AMQP output message:
{
"dossierId": "",
"fileId": ""
}
Usage & API
Setup
Install project dependencies
make poetry
You don't have to install it independently in the project repo, just import pyinfra in any .py-file
or install form another project
poetry add git+ssh://git@git.iqser.com:2222/rr/pyinfra.git#TAG-NUMBER
API
from pyinfra.config import get_config
from pyinfra.payload_processing.processor import make_payload_processor
from pyinfra.queue.queue_manager import QueueManager
queue_manager = QueueManager(get_config())
queue_manager.start_consuming(make_payload_processor(data_processor))
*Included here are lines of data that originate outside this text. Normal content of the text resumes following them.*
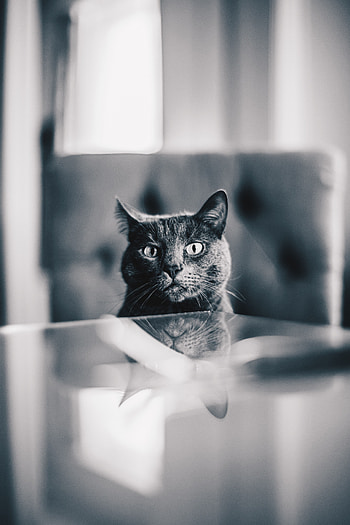 Animals, Cat, Pet, Grey, Bw, Chb HD phone wallpaper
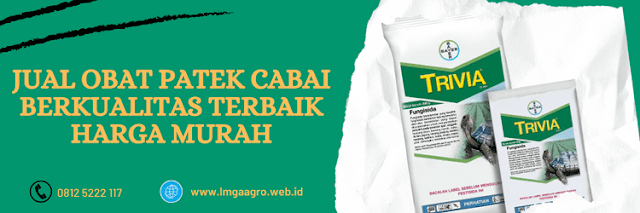 jual,murah,terjangkau,toko pertanian terdekat,lmga agro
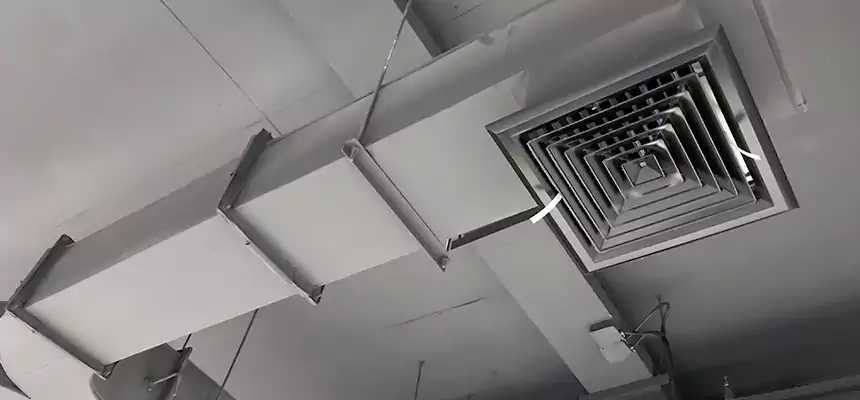 Restorative Allergy Relief Vent Cleaning – Coil, Blower & Housing Detail in Bensenville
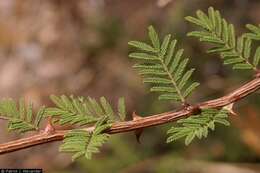 Image of catclaw acacia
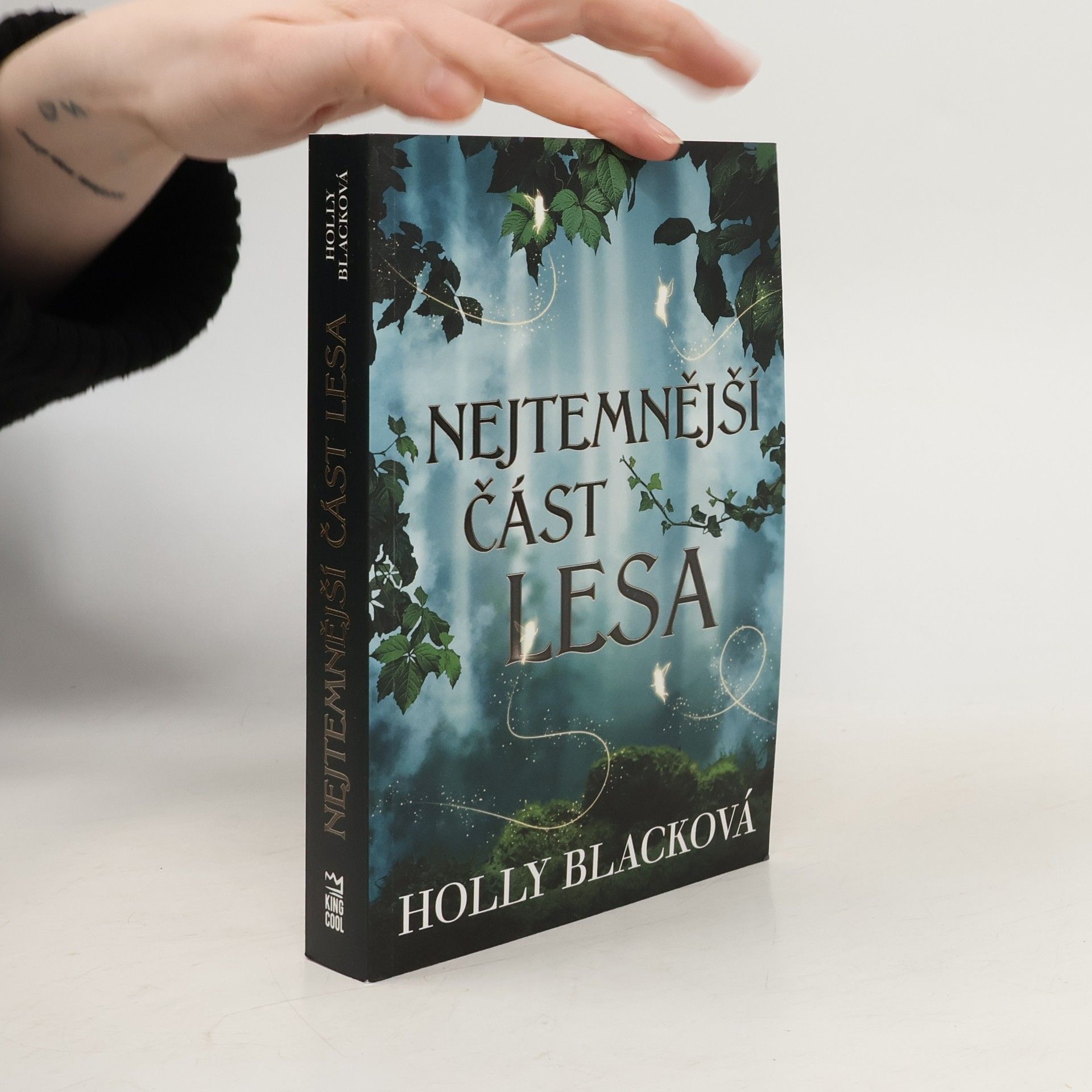 Holly Black Nejtemnější část lesa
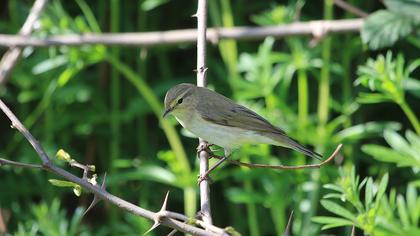Common Chiffchaff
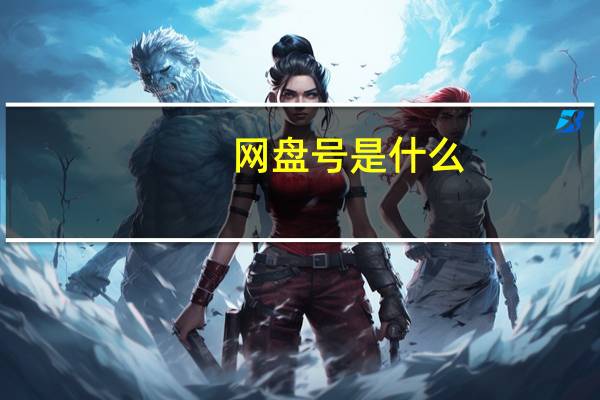 网盘号是什么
The data_processor should expect a dict or bytes (pdf) as input and should return a list of results.
Scripts
Run pyinfra locally
Shell 1: Start minio and rabbitmq containers
$ cd tests && docker-compose up
Shell 2: Start pyinfra with callback mock
$ python scripts/start_pyinfra.py
Shell 3: Upload dummy content on storage and publish message
$ python scripts/mock_process_request.py
Tests
The tests take a bit longer than you are probably used to, because among other things the required startup times are quite high. The test runtime can be accelerated by setting 'autouse' to 'False'. In that case, run 'docker-compose up' in the tests dir manually before running the tests.